STELARA™ is a human IgG1κ monoclonal antibody against the p40 subunit of the IL-12 and IL-23 cytokines. Using DNA recombinant technology, STELARA™ is produced in a well characterized recombinant cell line and is purified using standard bio-processing technology. The manufacturing process contains steps for the clearance of viruses. STELARA™ is comprised of 1326 amino acids and has an estimated molecular mass that ranges from 148,079 to 149,690 Daltons.

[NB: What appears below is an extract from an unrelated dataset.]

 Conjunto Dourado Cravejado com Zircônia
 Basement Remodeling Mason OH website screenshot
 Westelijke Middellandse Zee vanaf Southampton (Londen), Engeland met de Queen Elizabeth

STELARA™ is available as: 45 mg of ustekinumab in 0.5 mL and 90 mg of ustekinumab in 1 mL. STELARA™ is supplied as a sterile solution in a single-use prefilled syringe with a 27 gauge fixed ½ inch needle, or a single-use 2 mL Type I glass vial with a coated stopper. The syringe is fitted with a passive needle guard and a needle cover that is manufactured using a dry natural rubber (a derivative of latex).

Each 45 mg ustekinumab prefilled syringe also contains: L-histidine and L-histidine monohydrochloride monohydrate (0.5 mg), Polysorbate 80 (0.02 mg), and sucrose (38 mg) to fill to a final volume of 0.5 mL.

Each 90 mg ustekinumab prefilled syringe also contains: L-histidine and L-histidine monohydrochloride monohydrate (1 mg), Polysorbate 80 (0.04 mg), and sucrose (76 mg) to fill to a final volume of 1 mL.

Each 45 mg ustekinumab vial also contains: L-histidine and L-histidine monohydrochloride monohydrate (0.5 mg), Polysorbate 80 (0.02 mg), and sucrose (38 mg) to fill to a final volume of 0.5 mL.

Each 90 mg ustekinumab vial also contains: L-histidine and L-histidine monohydrochloride monohydrate (1 mg), Polysorbate 80 (0.04 mg), and sucrose (76 mg) to fill to a final volume of 1 mL.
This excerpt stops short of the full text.